A lo largo de su historia, la enseña ha lanzado productos icónicos, como los Cortados, considerados los primeros bombones fabricados en España. Llevan praliné, chocolate y trozos de avellana y se reconocen por su formato cuadrado. Por todo lo que representan para la historia de la marca «y por el cariño que le tienen varias generaciones de consumidores», son los favoritos del directivo, que disfruta tomándolos acompañados de un café, «después de comer para poner en pausa la jornada».
Además de los Cortados que lanzó en 1969, la compañía ha vivido otros momentos decisivos, como la decisión de eliminar el aceite de palma de todos los productos «y sustituirlo por aceite de oliva y manteca de cacao», añade el directivo. Con esta estrategia precursora, sin palma, la compañía se adelantó a una tendencia healthy que hoy domina el mercado.
Bajo la batuta de Fernández Calvo la empresa palentina que ejemplifica el made in Spain no ha parado de crecer. «La internacionalización es una de las palancas estratégicas más importantes para Chocolates Trapa. Hoy las exportaciones representan el 20% de la facturación y nuestros productos están presentes en más de 50 países de los cinco continentes. Esta diversificación geográfica nos permite reducir riesgos y ampliar oportunidades de crecimiento».

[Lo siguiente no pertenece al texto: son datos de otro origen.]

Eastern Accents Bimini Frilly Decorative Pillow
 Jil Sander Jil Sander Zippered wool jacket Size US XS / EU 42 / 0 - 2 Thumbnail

Fernández Calvo ve el futuro dulce, aunque no exento de retos: «Queremos seguir consolidando el crecimiento y reforzar nuestra presencia tanto en el mercado. También queremos continuar innovando, ampliar el catálogo y seguir mejorando nuestros procesos para ser una empresa cada vez más eficiente y competitiva». Tras crecer un 38% con respecto al año pasado, el objetivo para 2027 pasa por «alcanzar una facturación de 100 millones de euros».